En la escuela está bien que se ayude en la adecuación del estudiante a la vida social, la socialización, pero la universidad debería promover el desarrollo de la persona singular, las aventuras espirituales, los espíritus libres. La sociedad y el Estado están al servicio de la persona y su dignidad, ¿no lo dice la Constitución en su artículo uno? La escolástica es una manera de entender y practicar la educación profundamente arraigada en la mentalidad de la mayoría de instituciones educativas peruanas y asumida sin mucha conciencia, por tradición, por inercia, sin reflexión crítica; no desapareció con la Independencia. ¿Cómo podría desaparecer? De la escolástica solo se salvan algunas pocas universidades y colegios que constituyen más bien excepciones que confirman la regla y que generalmente están fuera del alcance de la mayoría estudiantil y casi todos situados en la capital.
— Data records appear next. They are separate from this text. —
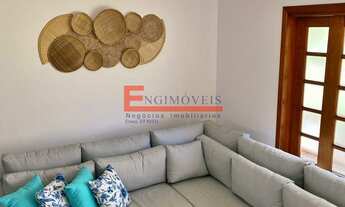 Imagem 7: CASA A VENDA EM CONDOMÍNIO EM JUQUEHY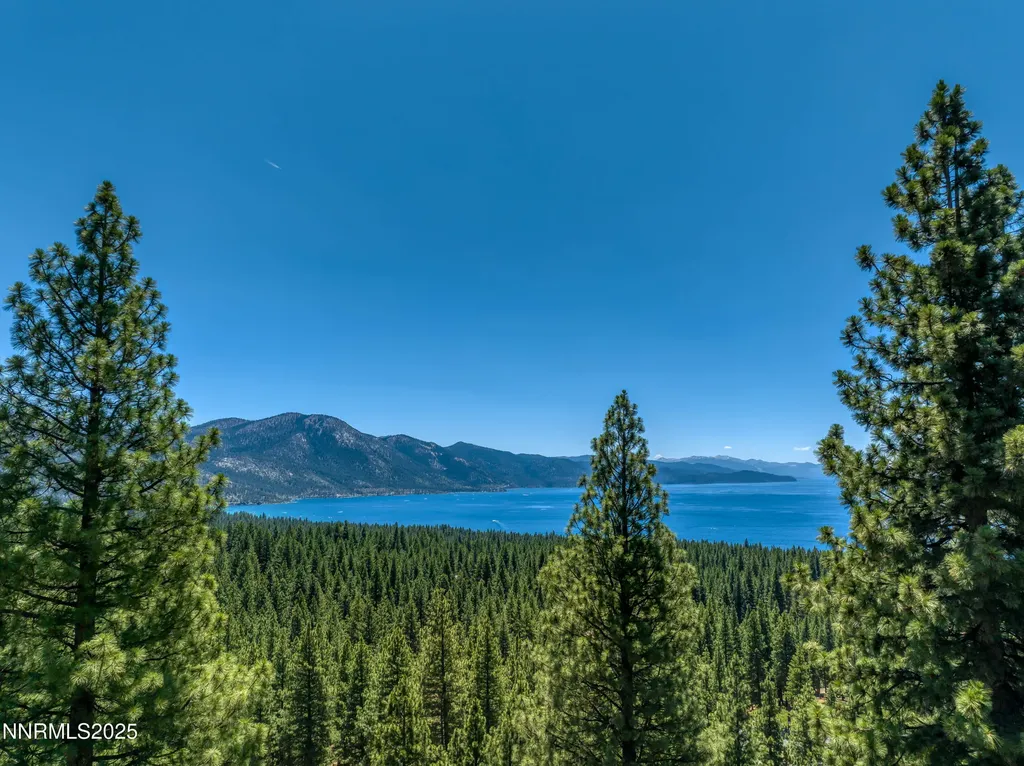 689 Tyner Incline Village NV 89451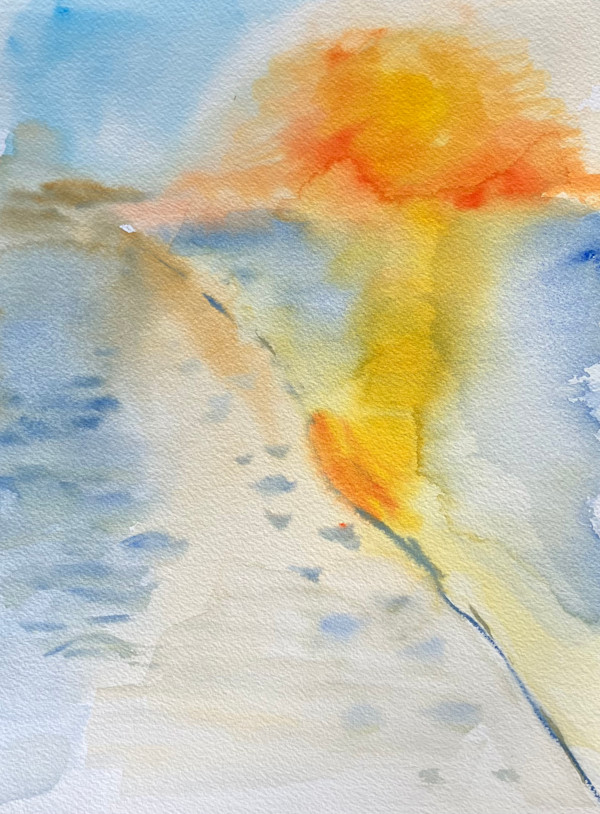 Daybreak by Sarah Griffin Thibodeaux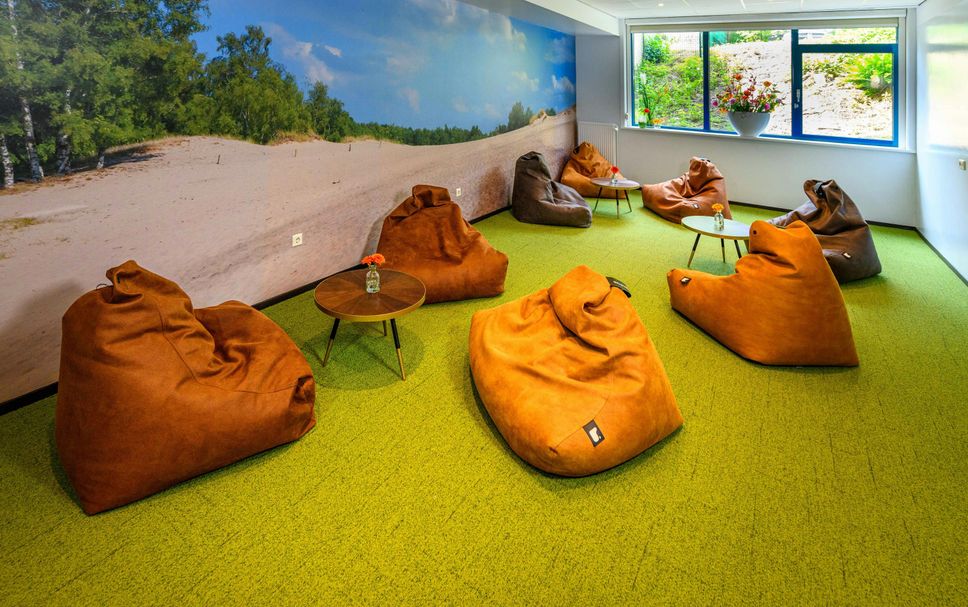 Sala d'estar Foto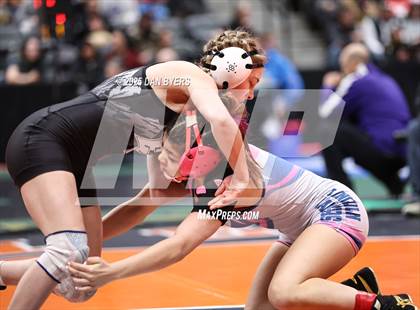 Thumbnail 1 in CHSAA 4A Finals (Sessions Three and Four) photogallery.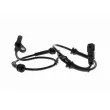 Capteur, vitesse de roue VEMO V38-72-0294 - Visuel 1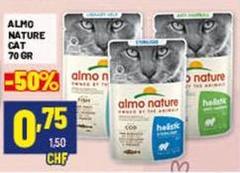 Almo Nature -  Cat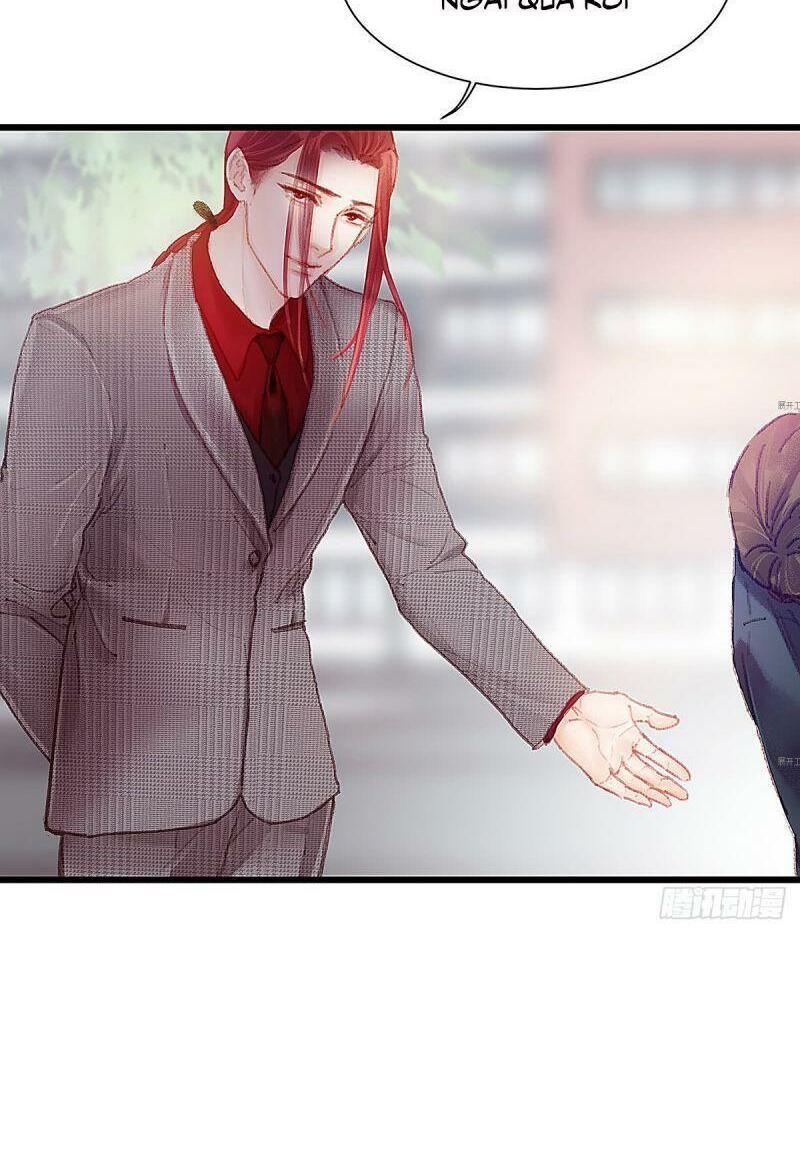 Hữu Yêu Lai Chi Họa Trung Tiên: Chapter 26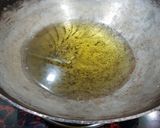 મીઠી બુંદી(mithi boondi recipe in gujarati) રેસીપી સ્ટેપ3ફોટો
La decadencia española no podía dejar de afectarnos cuando éramos parte del Imperio español (es decir cuando éramos españoles y no sólo hispanos como ahora). A pesar de la Independencia mantenemos la mentalidad, los paradigmas, los valores prerrepublicanos, la tradición educativa: la escolástica. Esa concepción educativa se difunde a través de un proceso de vulgarización, de simplificación, de reducción. Ese paradigma educativo hace tiempo que ya no da más y hoy está en su peor momento, asociado a la burocratización, a la dogmatización ideológico sindical y a la corrupción; sin embargo sigue rigiendo nuestra educación mayoritaria. Ni siquiera los intelectuales vinculados a la educación mencionan este aspecto paradigmático. Salvo error u omisión. En las regiones es clamoroso.
En su momento culminante, la escolástica supone una grandiosa experiencia del espíritu dentro de la cultura occidental. Santo Tomas de Aquino, Duns Scotto, Guillermo de Ockham, Abelardo, entre otros representan el momento más alto del papel cultural de la Iglesia Católica. Visión medieval por excelencia, hoy la escolástica, último residuo de esa grandísima visión, es incompatible con la pedagogía que se pretende moderna o democrática.
Aferrada a ideas eternas, absolutas y objetivas, a infalibilidades papales por decreto, a obediencia a la autoridad sin dudas ni murmuraciones, ya no tiene más función que la de retardar el desarrollo social en su núcleo ideológico esencial: bloquea la capacidad crítica de los niños y jóvenes en el mundo académico, donde precisamente la crítica es condición sine qua non para la investigación. Por eso la investigación en el Perú es excepcional y, en las regiones, exigua y de poca calidad. Educación es incompatible con adoctrinamiento
Con el Renacimiento, esa concepción educativa pre moderna entra en crisis (en Europa) y “coincide” con la época en que la Iglesia —vía Contrarreforma— asume decididamente una función defensiva y reactiva frente a la modernidad, que se mantiene hasta hoy. La experiencia de Galileo frente al Vaticano es un hito que ahorra muchas explicaciones, especialmente cuando esa experiencia ha sido hecha arte de manera excelsa en la obra de Brecht sobre el físico genial que (en buena hora) se retractó para salvar el pellejo.
El problema para las mayorías hispanoamericanas es que, como se dijo, nos llega un cierto tipo de escolástica, menos vinculada a una buena educación religiosa, que a una vulgata basada en dogmas que hay que aceptar por aplicación del “principio de autoridad” y por vía catequística, legitimadora del estado de cosas peruano (la autoridad no es un principio, sino un poder de hecho y/o de derecho). Cuando eso se internaliza ya no se requiere ni de la presencia del cura, ni de la Iglesia, como les pasó a los protestantes que internalizaron la idea de autoridad. Hay que hacer excepción de la ilustrada educación de algunos personajes hispano criollos en el virreinato, como Pablo de Olavide, Hipólito Unanue, José Baquíjano y Carrillo, Lorenzo de Vidaurre, por ejemplo, pero no muchos más.